[Items from a data source]

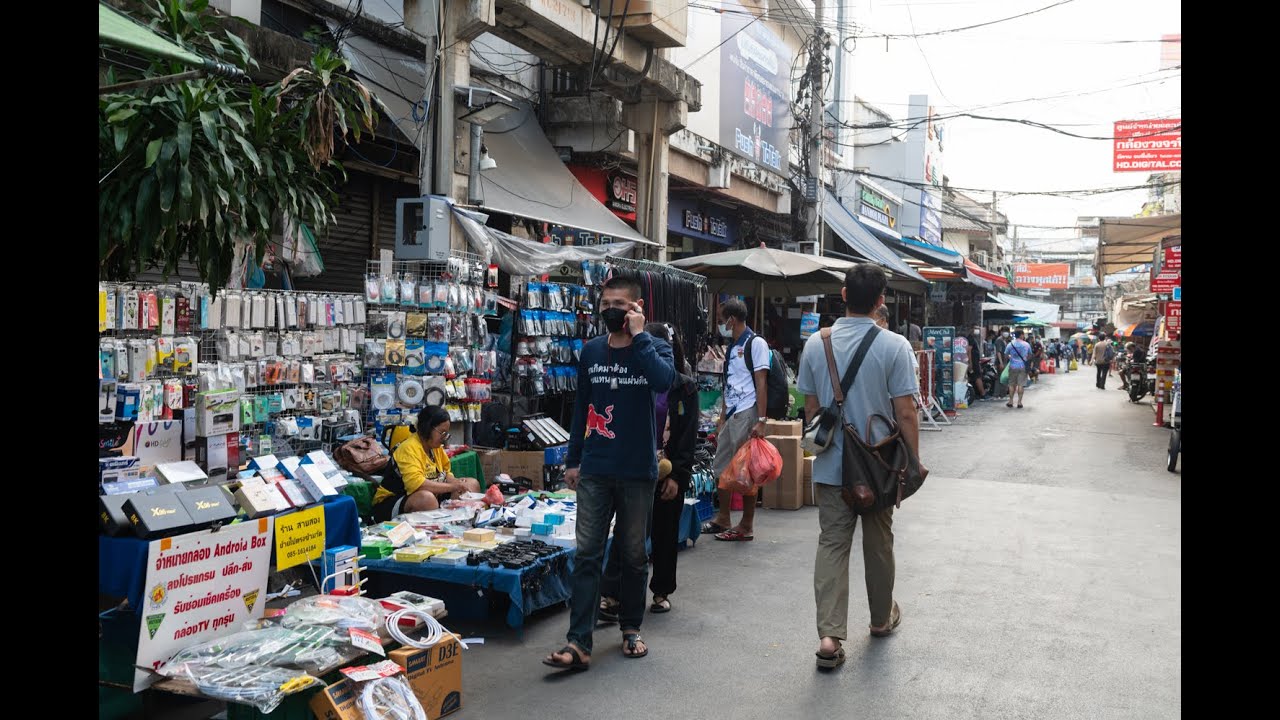 [4K] Walk around electronic market in Bangkok at Ban Mo market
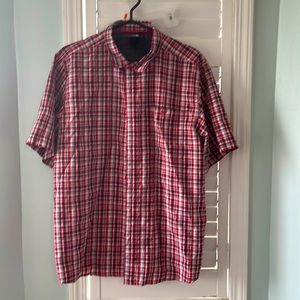 The North Face men’s plaid shirt sleeved collared shirt
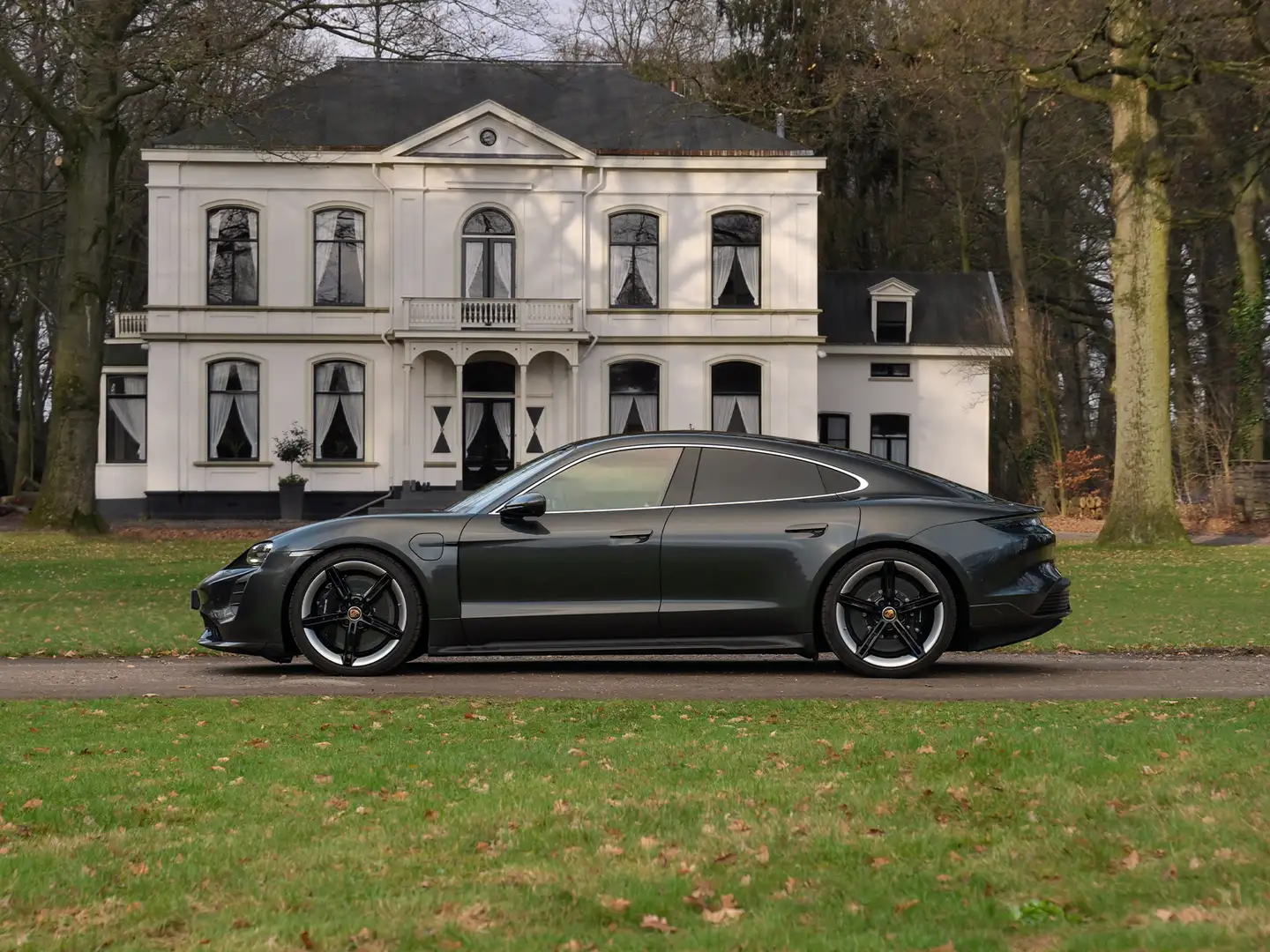 Porsche Taycan Turbo S 93 kWh | SportDesign Carbon | Burmester | Grau - 1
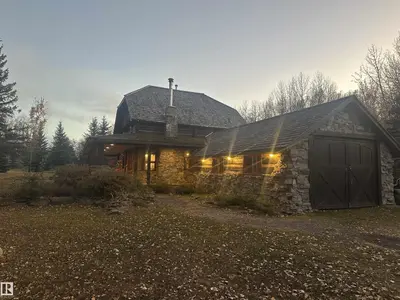 Interior photo 4 of 580 Poplar Bay Drive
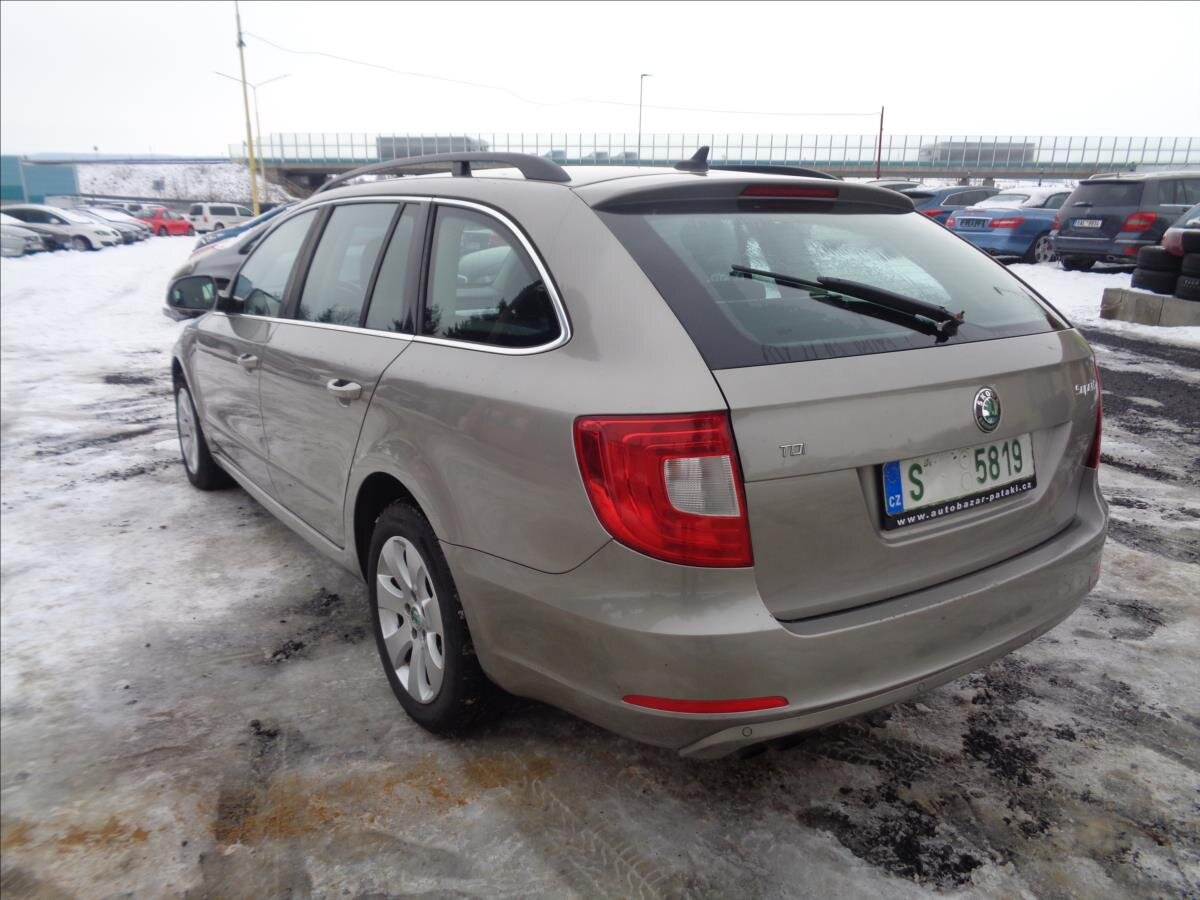 Škoda Superb Kombi 1,6 l 77 kw
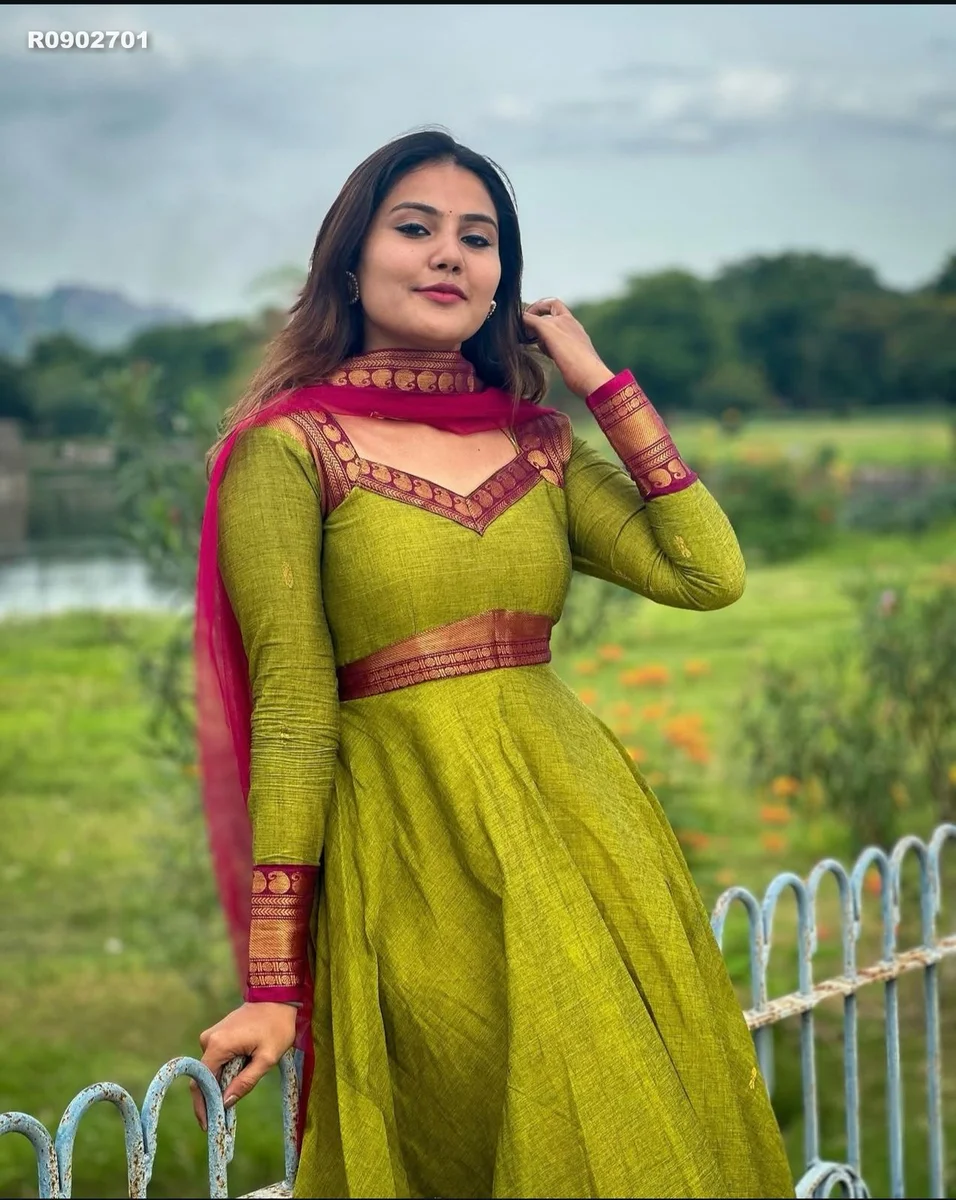 RK Ethinic....vichitra silk fabric with Jacquard weaving zari border And Soft Net Duppatta with lace border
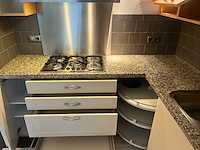 Keuken met apparatuur - afbeelding 9 van  18
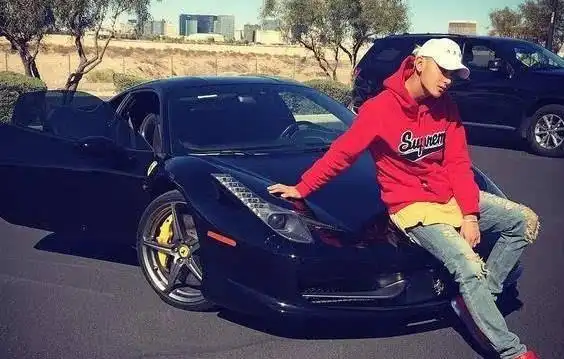 罗志祥定制版荧光粉兰博基尼aventador lp700-4花了500万元,国内售价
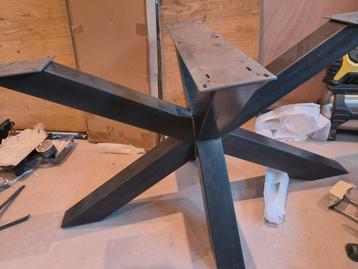 Zwart Metalen 3D Tafelpoot beschikbaar voor biedingen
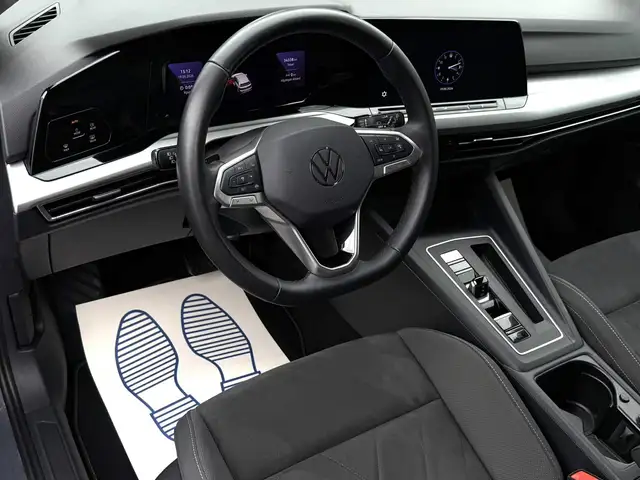 Volkswagen Golf view 5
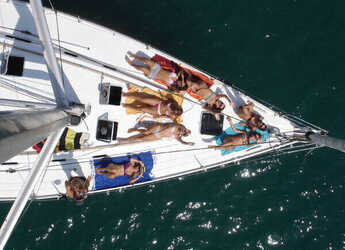 Chartern Sie segelboot in Adhamas - Cyclades 50.5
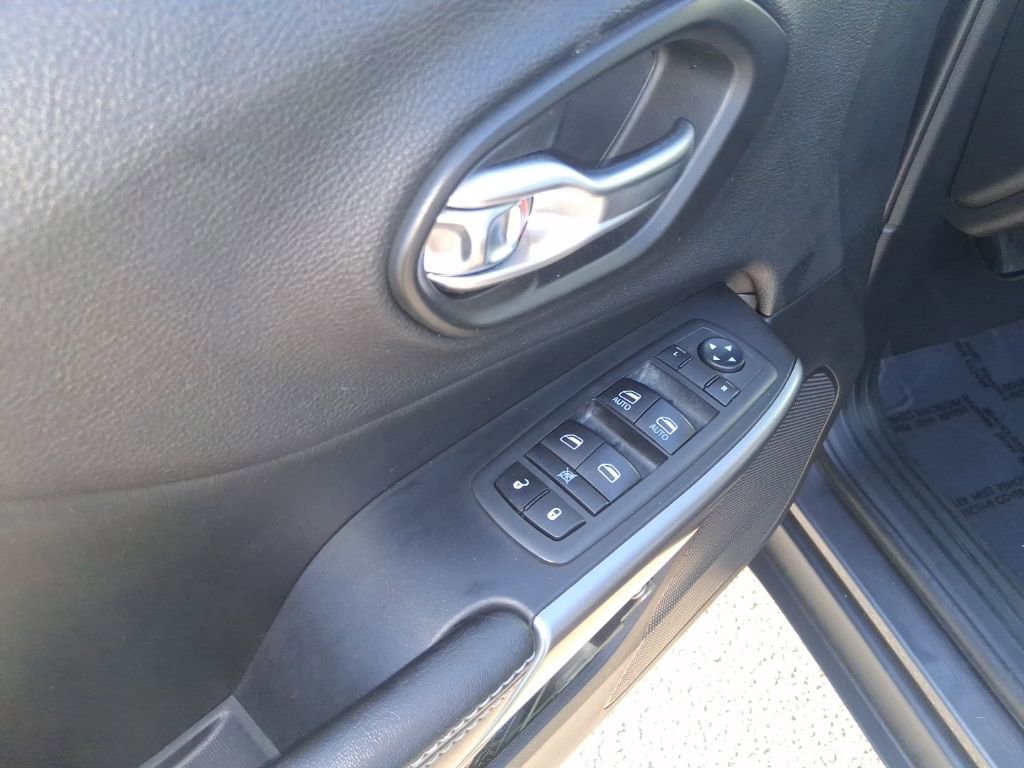 Used 2020 Jeep Cherokee Latitude Plus image 12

* **TASK DIRECTIONS**: No pictures belong in the answer. It must repeat exactly the lines from the line with "Porsche Taycan Turbo" through the final line of the records.

* **WRITTEN SOLUTION**:
 Porsche Taycan Turbo S 93 kWh | SportDesign Carbon | Burmester | Grau - 1
 Interior photo 4 of 580 Poplar Bay Drive
 Škoda Superb Kombi 1,6 l 77 kw
 RK Ethinic....vichitra silk fabric with Jacquard weaving zari border And Soft Net Duppatta with lace border
 Keuken met apparatuur - afbeelding 9 van  18
 罗志祥定制版荧光粉兰博基尼aventador lp700-4花了500万元,国内售价
 Zwart Metalen 3D Tafelpoot beschikbaar voor biedingen
 Volkswagen Golf view 5
 Chartern Sie segelboot in Adhamas - Cyclades 50.5
 Used 2020 Jeep Cherokee Latitude Plus image 12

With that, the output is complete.